Effect of P. harmala fruit extract on different bacterial and fungal strains was tested. Numbers of therapeutic and medicinal effects of P. harmala are known to the world. Presence of large concentration of alkaloidal content is said to be the reason of these affects. These compounds are produced by the plant in order to provide protection against many insects, microorganisms and herbivores. As main components of P. harmala are fat soluble and aromatic, that’s why extraction with ethanol derives more chemical constituents of the plant. That’s why 70% ethanol was used for extraction of this plant.

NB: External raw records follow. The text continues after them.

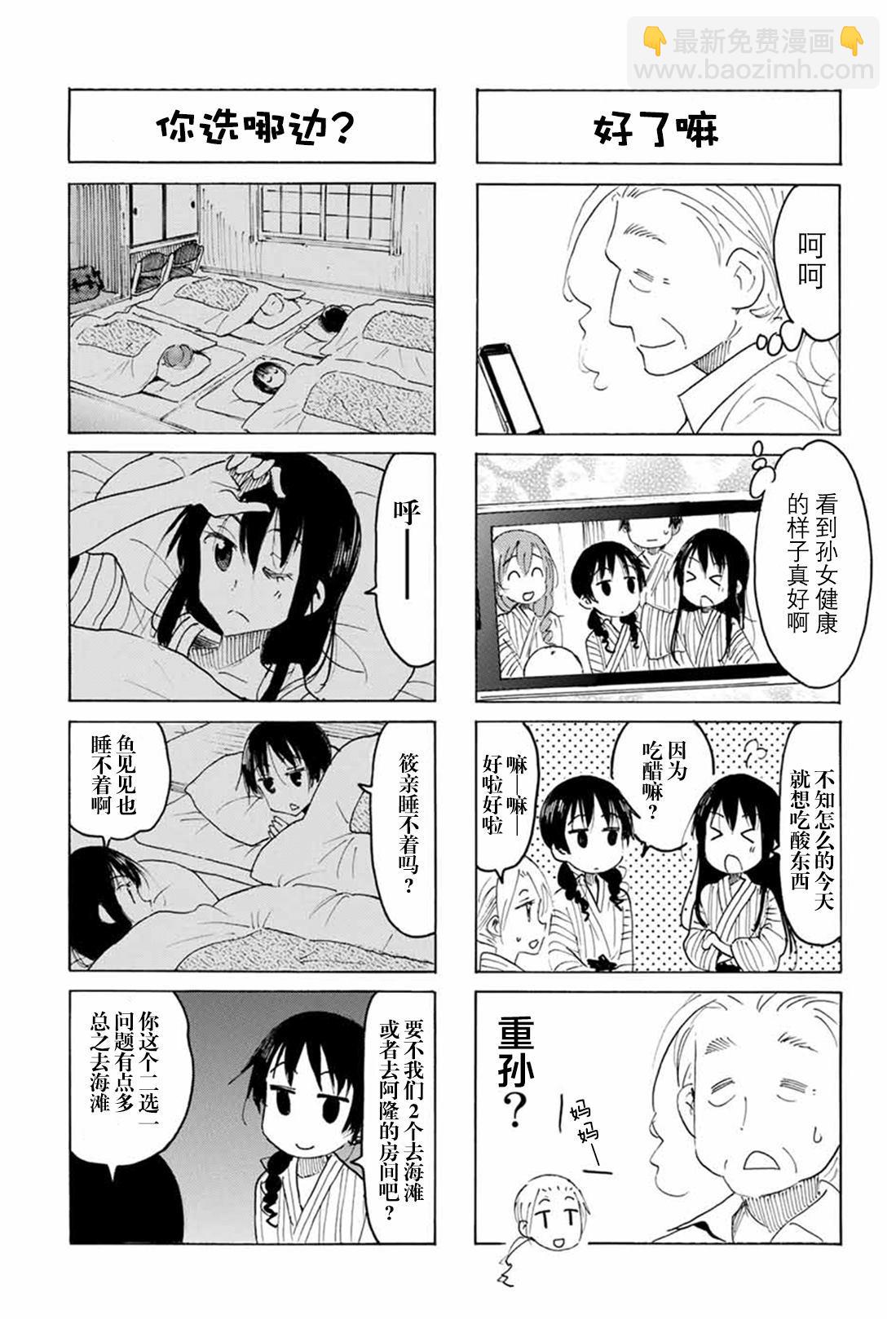 妄想學生會 - 第533話 - 1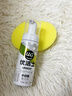 优洁士小白鞋清洁剂洗鞋刷鞋擦鞋神器球鞋运动鞋鞋面鞋边去污去渍清洗剂 【干湿两用经典款】小白鞋清洗剂100ml*1瓶 实拍图
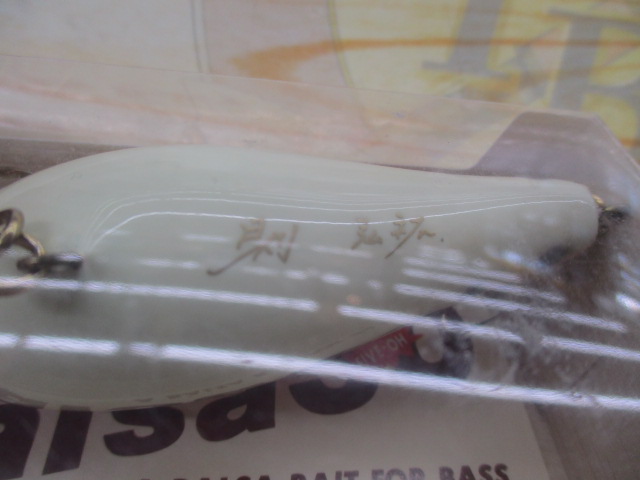 バルサ50オリジナル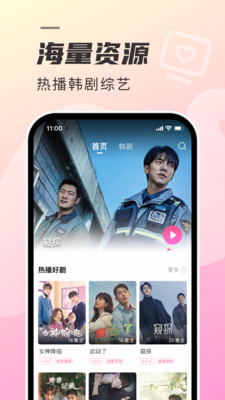 韩剧TV(韩小圈)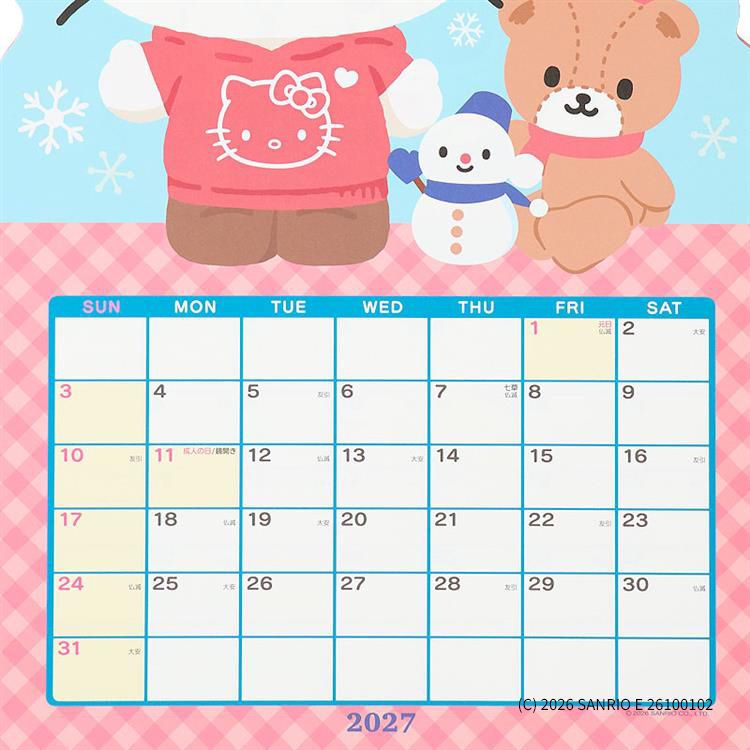 2027年1月始まり 壁掛け ダイカットカレンダー サンリオキャラクタース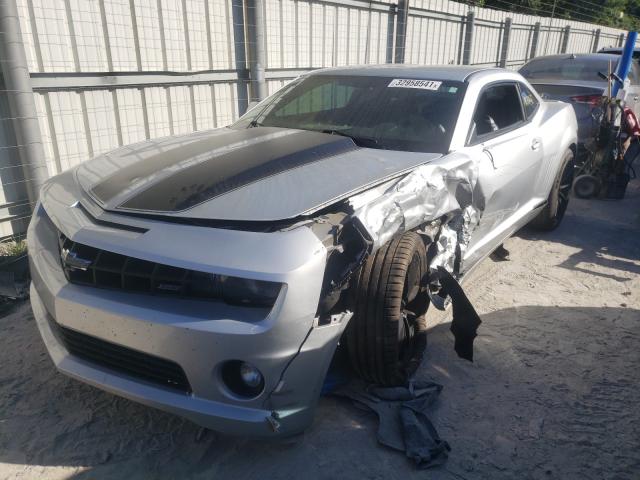 Photo 1 VIN: 2G1FS1EW8B9174777 - CHEVROLET CAMARO SS 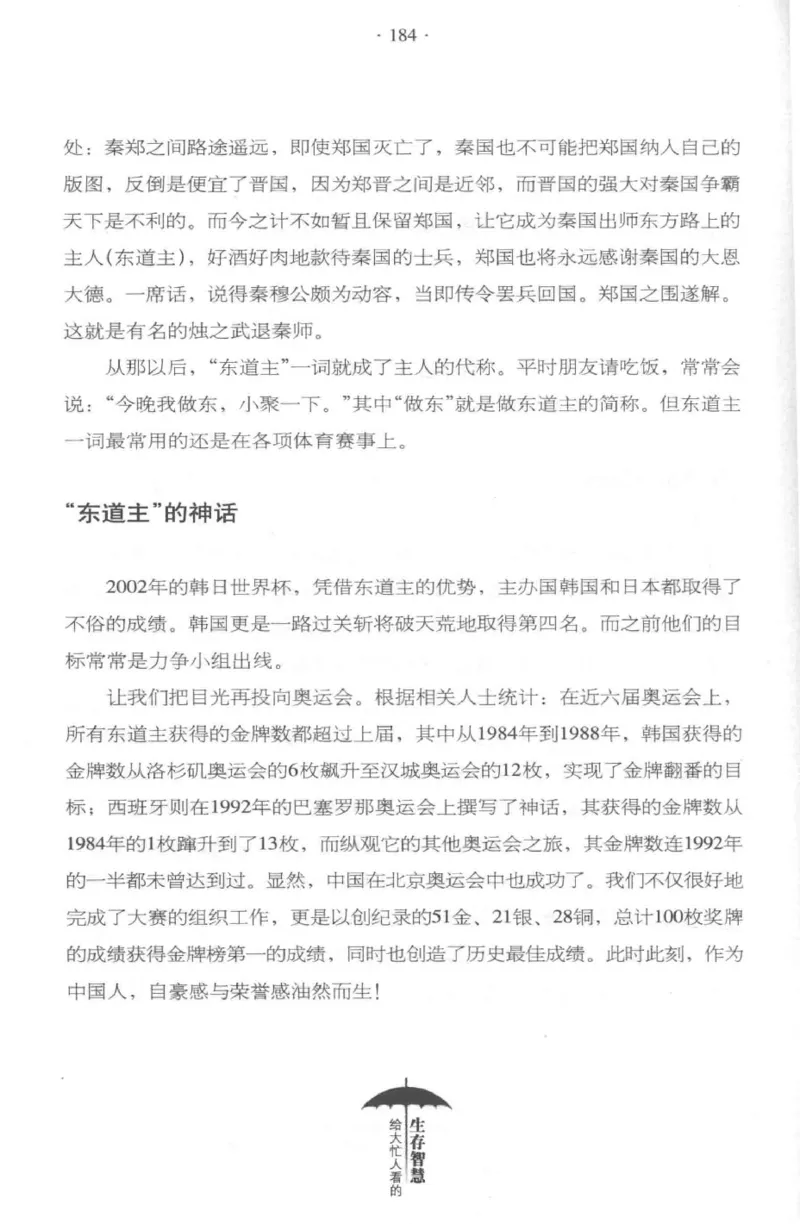 35.《给大忙人看的生存智慧》[龚令民编著][哈尔滨出版社][978-7-5484-3177-0][2018.3][P196]_t涯_《天涯神贴去水印纯干货收藏版-汇总版》天涯的干货[pdf]_天涯社区优质书籍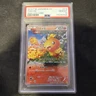 Torchic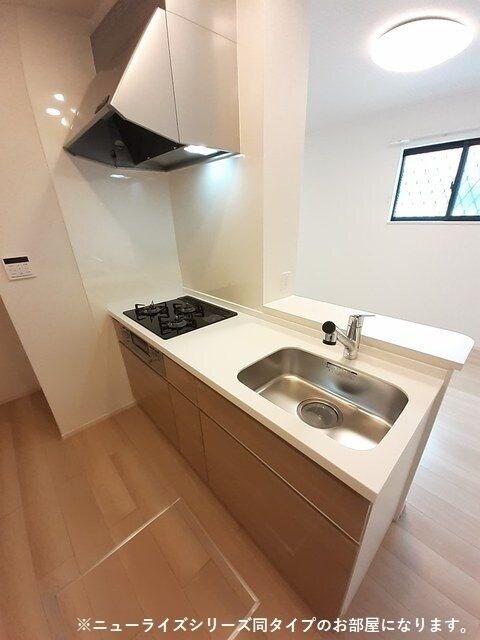 リバーサイド北園の物件内観写真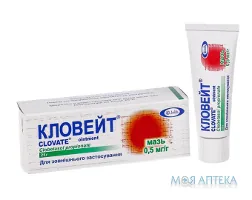 Кловейт мазь 0,5 мг/г по 25 г у тубах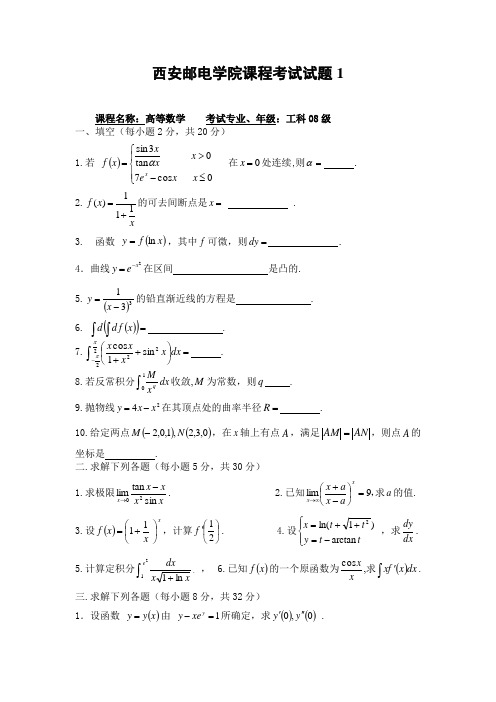 高数试题1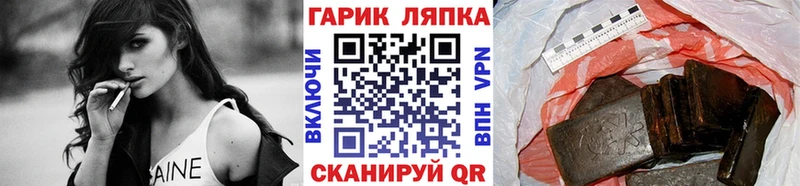 как найти закладки  Южа  ГАШ гашик 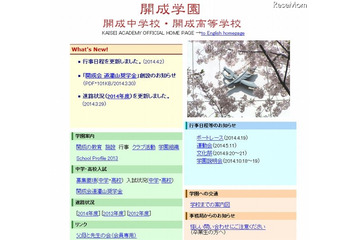 開成高校が学費免除の奨学金、受験前に申請可能 画像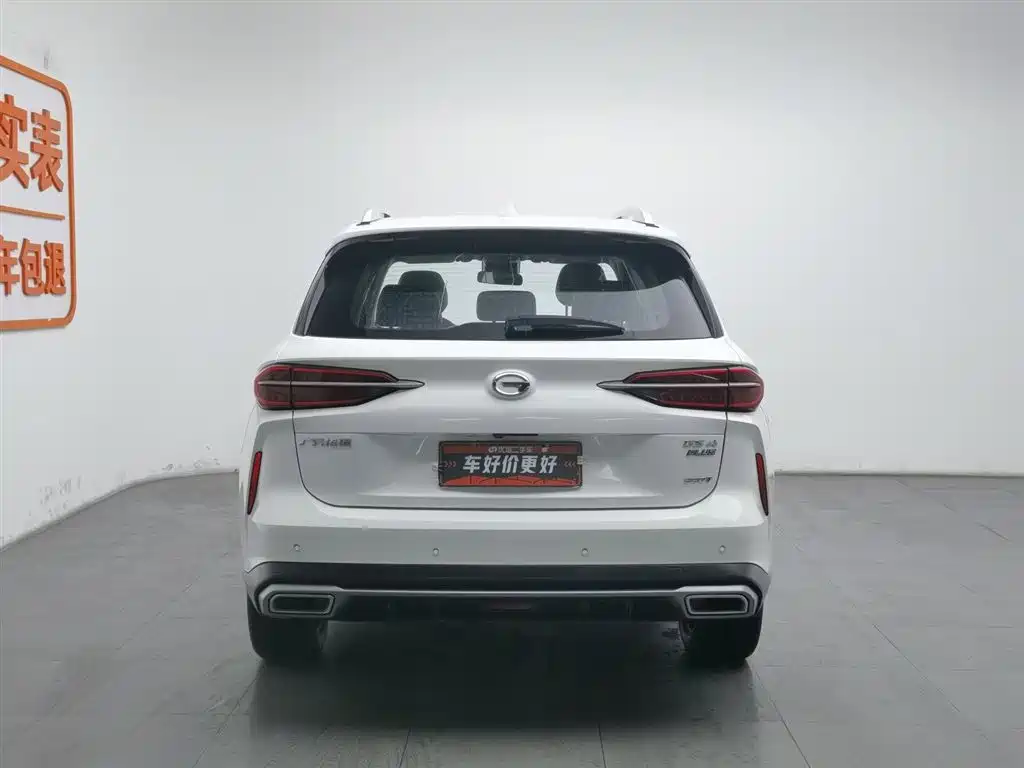 GAC TRUMPCHI GS4 PLUS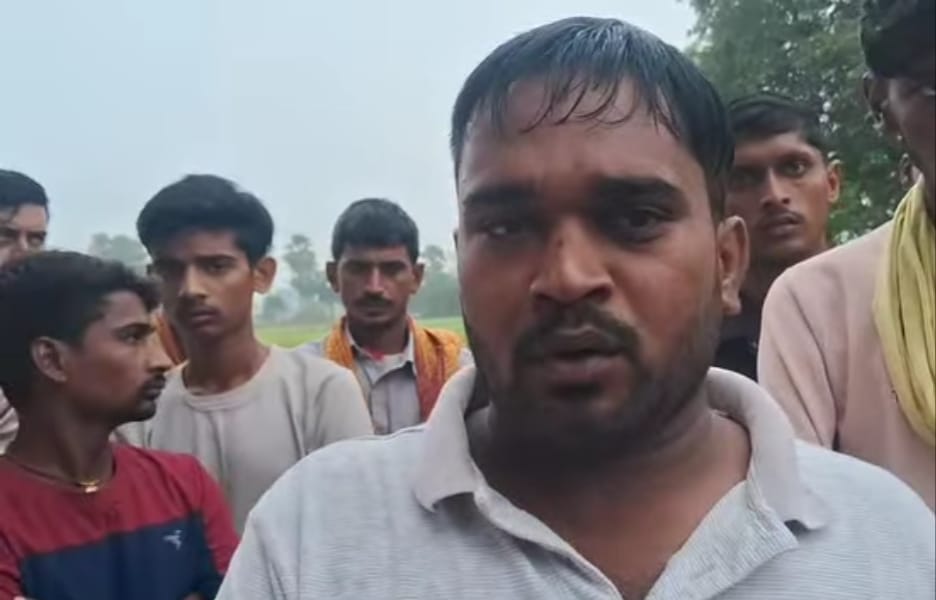 bihar News young man died after being hit by high tension wire in Nawada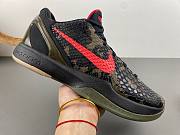 Nike Kobe 6 Protro Italian Camo (2024) FQ3546-001 - 5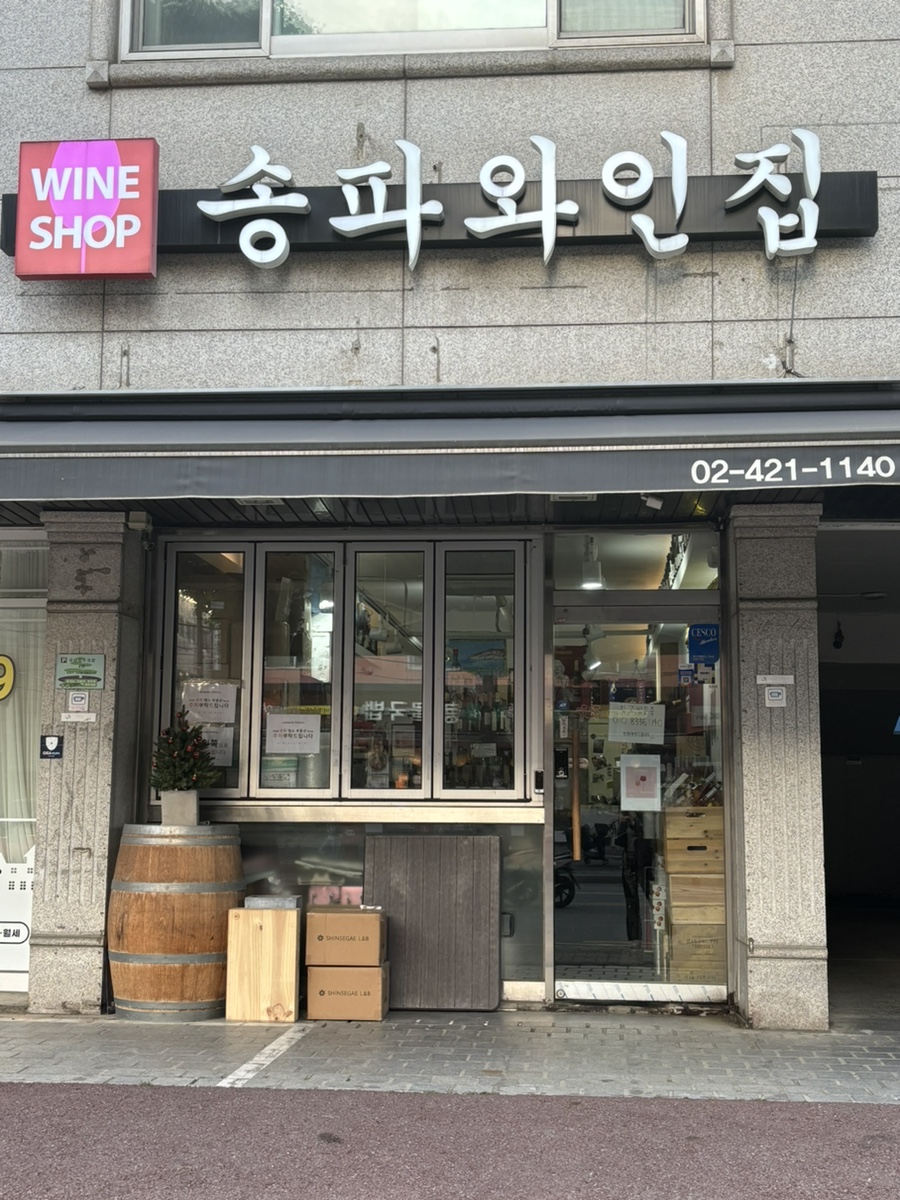 송파와인집 이미지
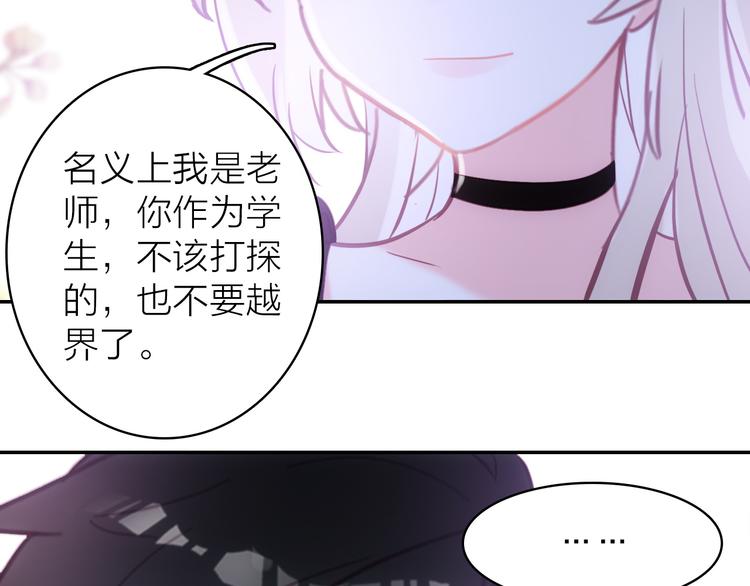 第7话 女装大佬？55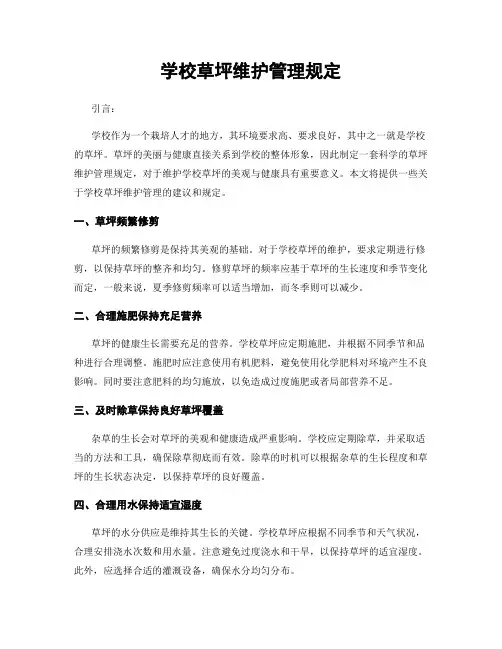 学校草坪维护管理规定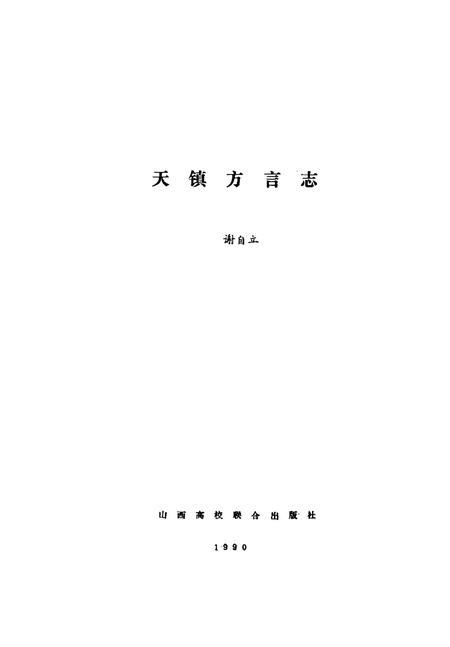 《天镇方言志》.pdf电子版_其他志预览图2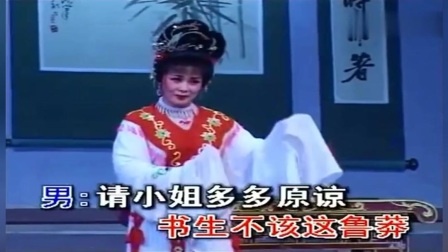 海南琼剧张文秀《原是小姐到书房》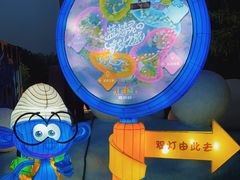 -成都欢乐谷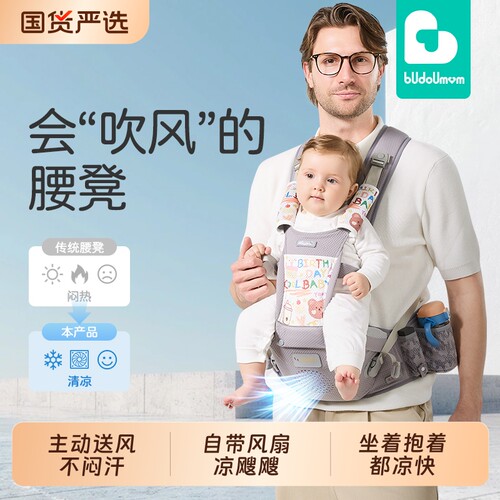 布兜妈妈婴儿腰凳背带夏季自带风扇透气新生儿前抱式带娃神器轻便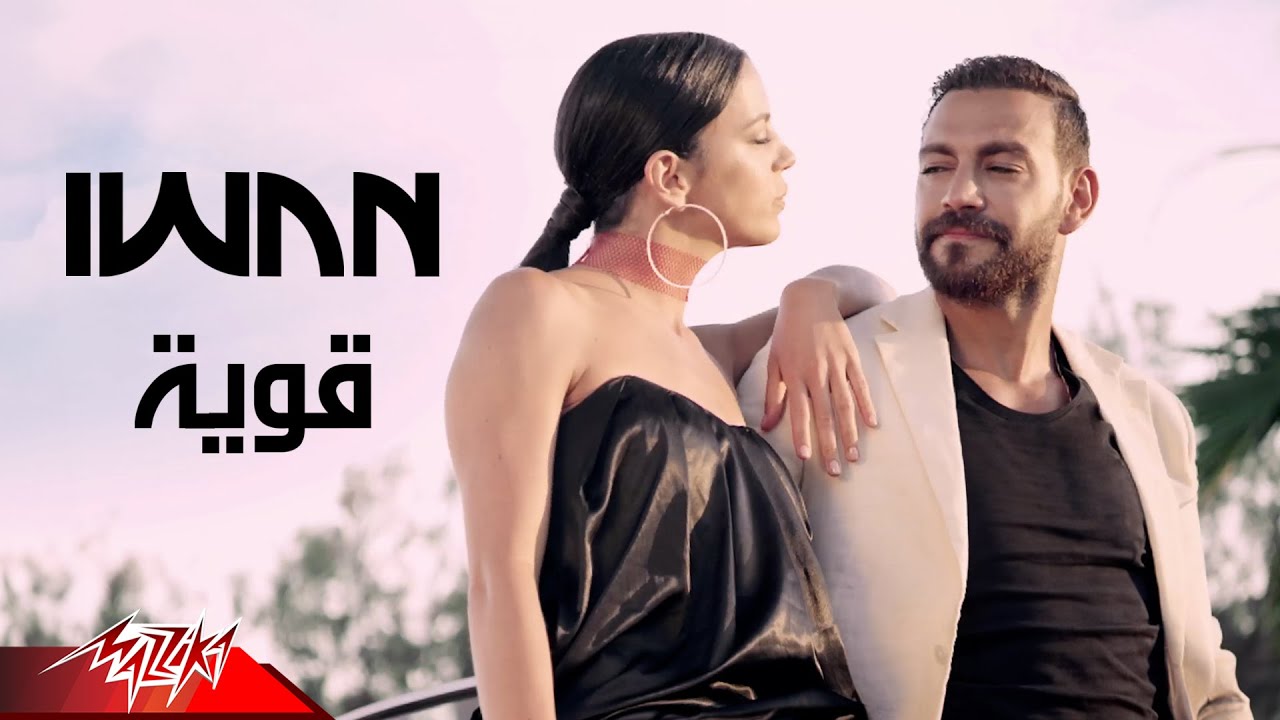 Iwan - Aweya ( Music Video ) إيوان - قوية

The objective of this paper was evaluation of antimicrobial efficacy of P. harmala in order to know a potential therapeutic agent. With the help of recent findings, it is clear P. harmala has a lot of noticeable properties as antioxidant, antibacterial, and mild antifungal activities. A number of secondary metabolites present in P. harmala can have their role in attributing the above mentioned activities. Therapeutic properties of P. harmala are mostly due to high concentration of alkaloidal content in its various parts. Beta-carbonyl derivations such as harmalol, harmaline, deoxyisopeganine, isopeganine and peganine are the most important alkaloids. On the other hand, quinazoline derivations deoxyvasicinone, vasicine and vasicinone are also present. The most important alkaloid that was studied in many researches is harmaline. P. harmala also has reported cytotoxicity despite the numerous therapeutic properties. Many severe side effects such as nervous, gastrointestinal, hepatic and cardiovascular complications have also been observed by the systemic use of high concentration of P. harmala. Toxicity is mainly attributed due to ability to intercalate into DNA and inhibitory effect on monoamine oxidase (MAO). Although P. harmala extract had noticeable inhibitory effect on various bacterial strains as compared to positive controls, cytotoxic effects of P. harmala ethanolic extract on epithelial carcinoma of uterus cervix, human embryonic skin fibroblast and oral epithelial carcinoma are also reported. But toxicological studies are still needed to further investigate its toxicity level and its mechanism of action.

Conclusion

P. harmala ethanolic extract has the capacity to inhibit the growth of many bacteria. Although ciprofloxacin had reported antibacterial activity, P. harmala extract also has comparable results. It also exhibited good free radical scavenging activity and has the capability to be effective against many illnesses. Further investigations are needed in order to get an effective remedy against the resistant bacterial strains.